_WHAT IS EXPECTED_
Could you repeat exactly the lines from the one containing "Ocean Dream Baby Strampler" through the last line of the records, with no pictures?
Top of DATA LISTING
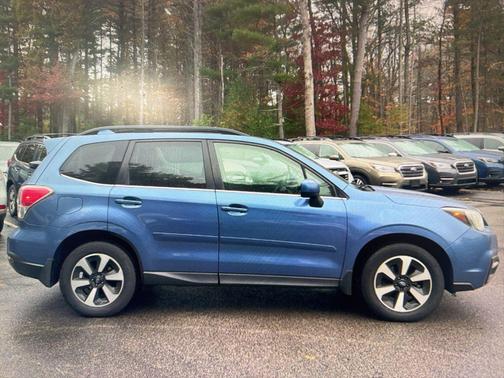 2018 Subaru Forester 2.5i Limited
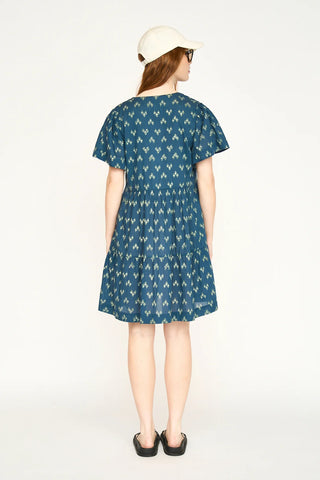 Mirth Beacon Hill Short Dress, Laguna Grove
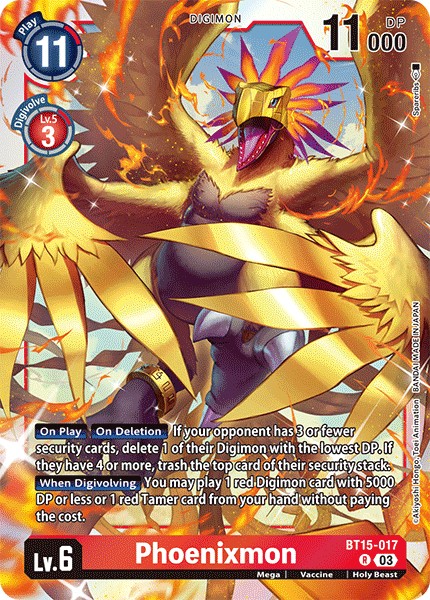 Phoenixmon - Image 1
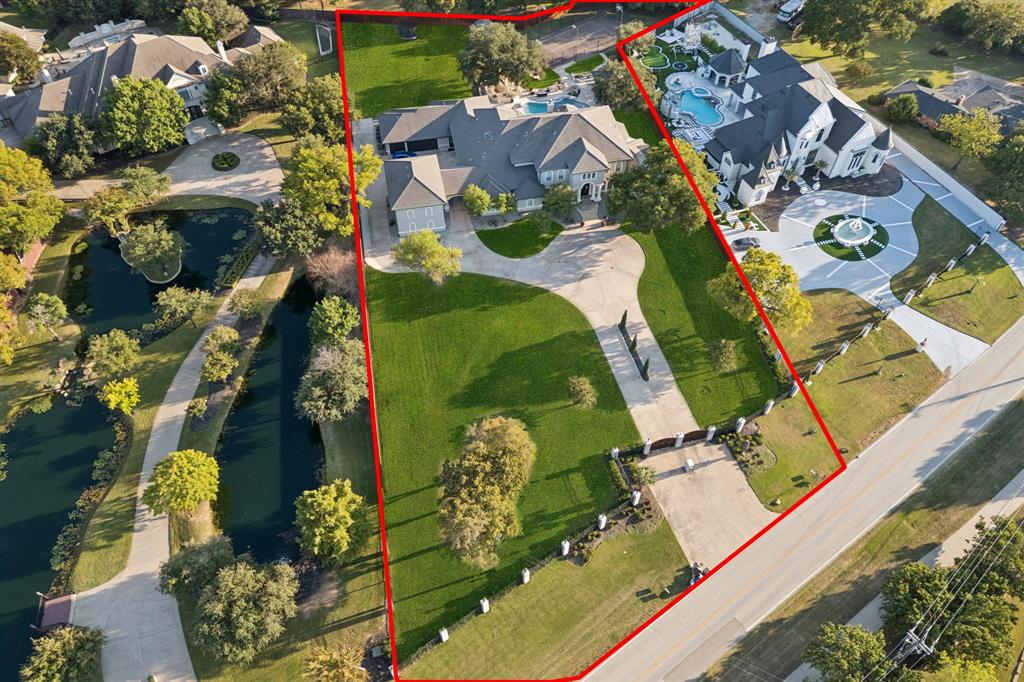 Aubrey Estates Add - Residential
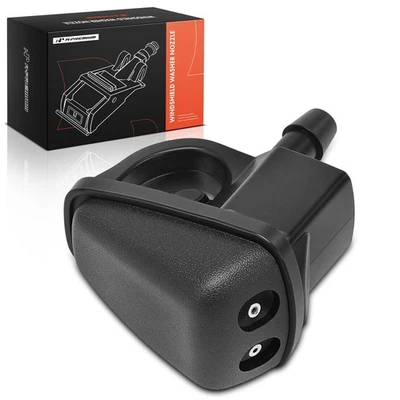 Bocal de lavadora de para-brisa A-Premium dianteiro lado do motorista para Land Rover Freelander - Imagem 1 de 4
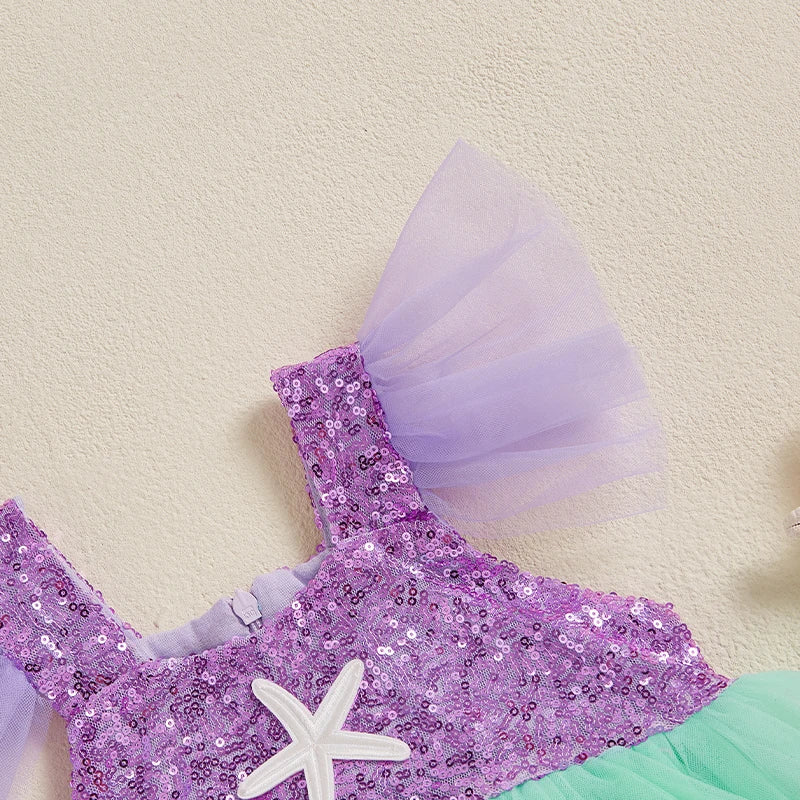 Ocean Dream Baby Strampler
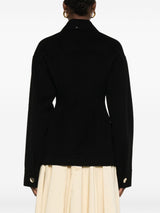 SPORTMAX PRE Coats Black
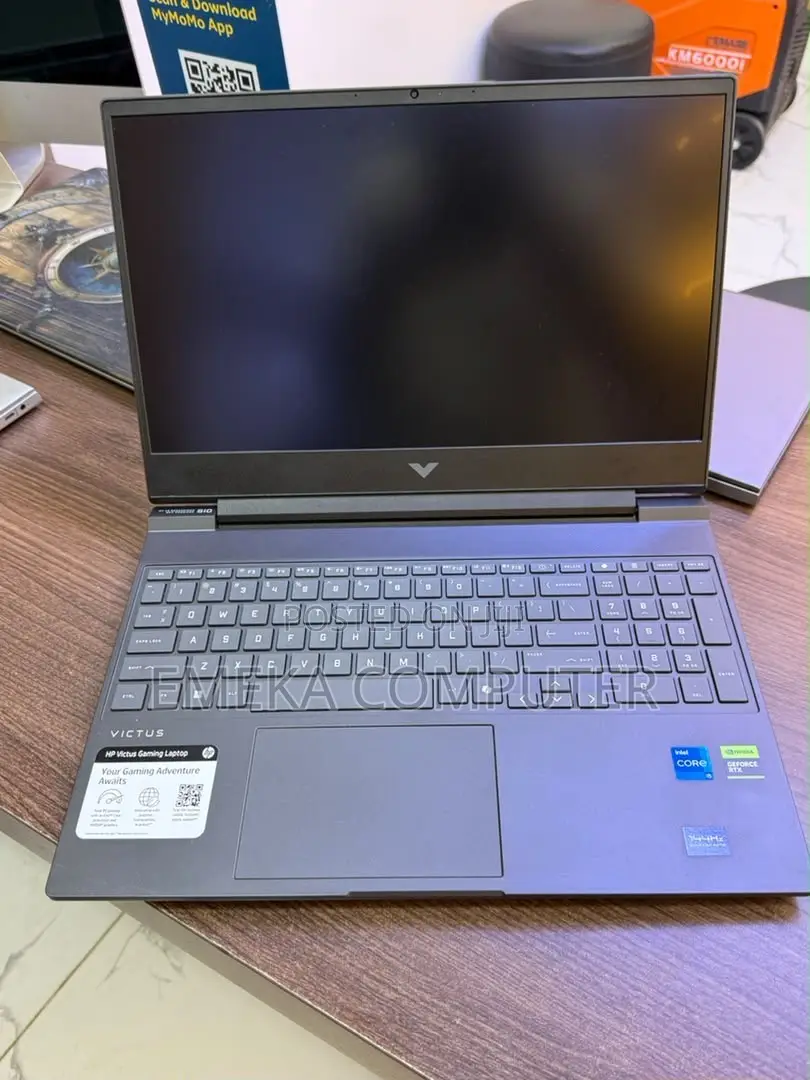 Laptop HP Victus 15 16GB Intel Core i5 HDD 512GB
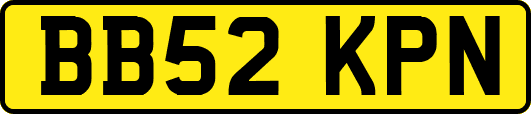 BB52KPN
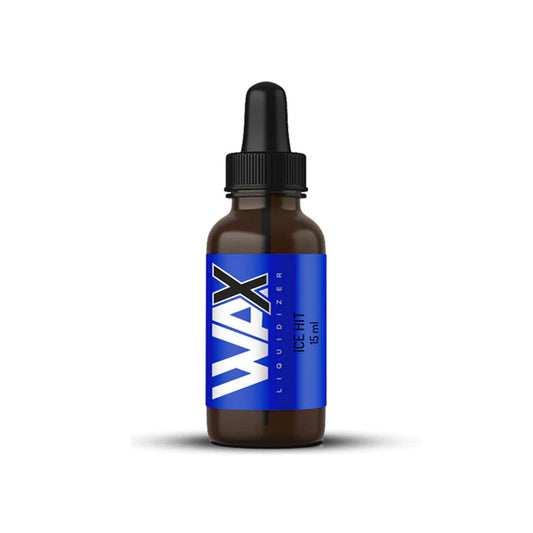 WAX LIQUIDIZER 15ML ICE HIT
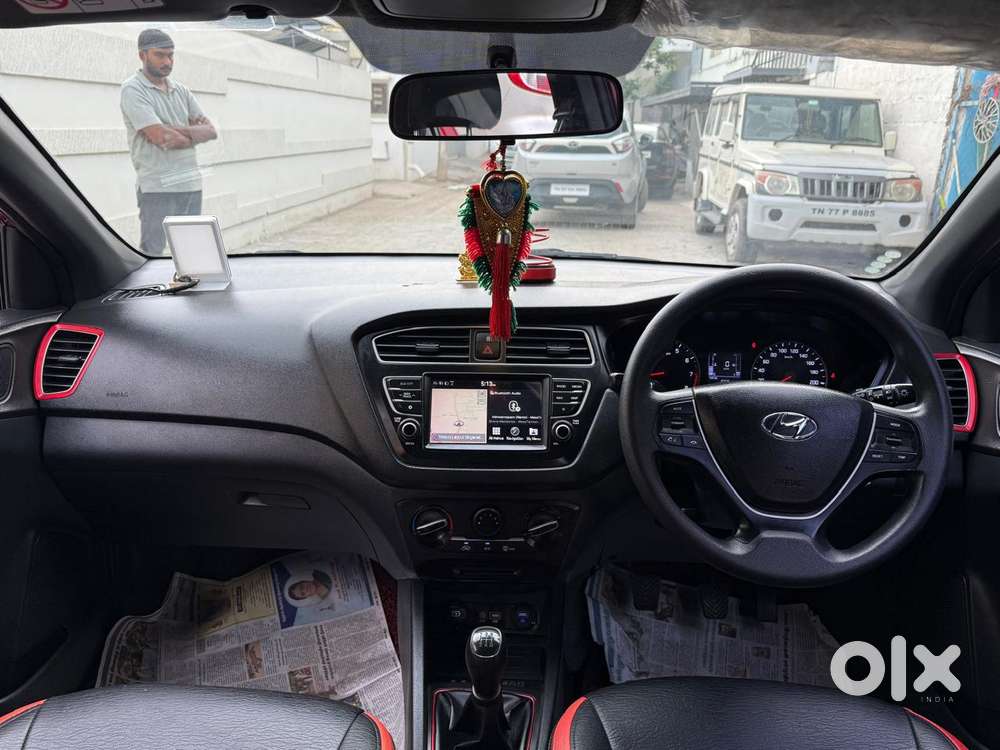 Hyundai I20 Sportz Plus Dual Tone, 2019, Petrol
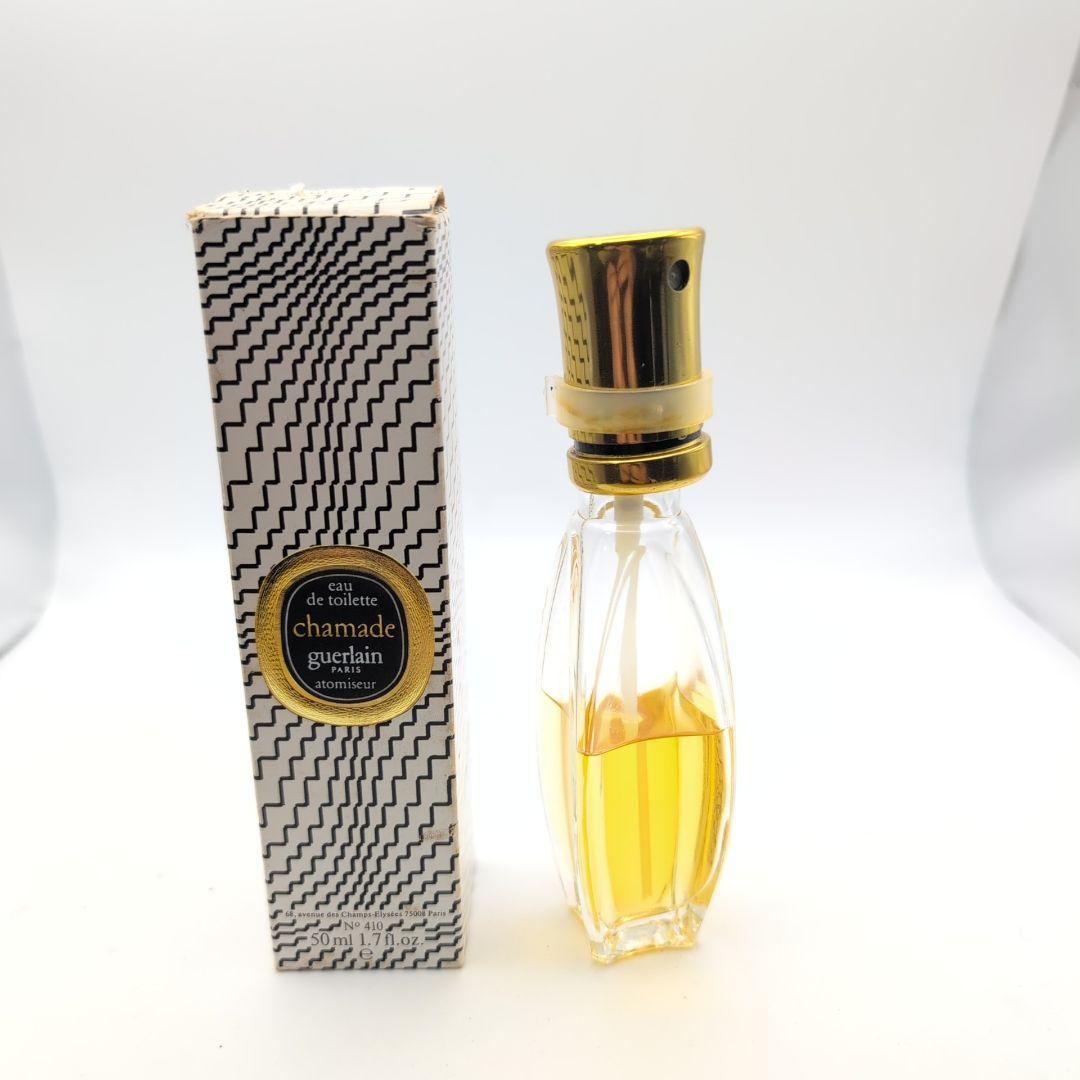 ■希少　ゲラン　シャマード　オードトワレ　50ml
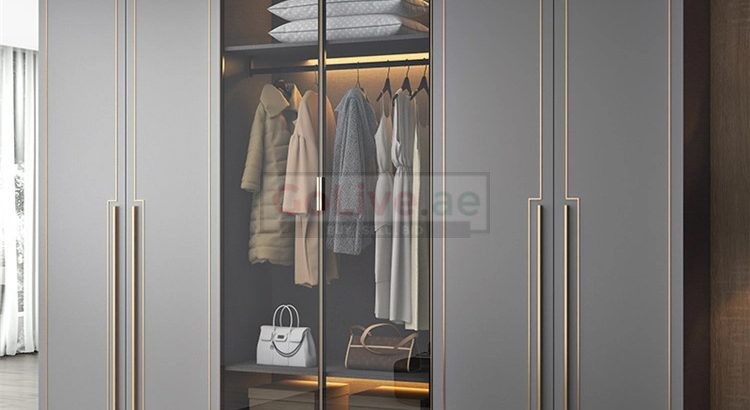 Buy Wardrobe Online in UAE | Custom Design | 30% off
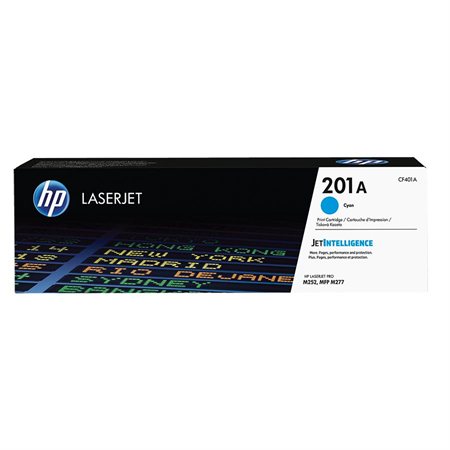 Cartouche de toner 201A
Bottom of DATA LISTING
_EXERCISE OUTPUT_
 Ocean Dream Baby Strampler
 SPORTMAX PRE Coats Black
 Laptop HP Victus 15 16GB Intel Core i5 HDD 512GB
 BB52KPN
 WAX LIQUIDIZER 15ML ICE HIT
 Hyundai I20 Sportz Plus Dual Tone, 2019, Petrol
 ■希少　ゲラン　シャマード　オードトワレ　50ml
 Buy Wardrobe Online in UAE | Custom Design | 30% off
 Cartouche de toner 201A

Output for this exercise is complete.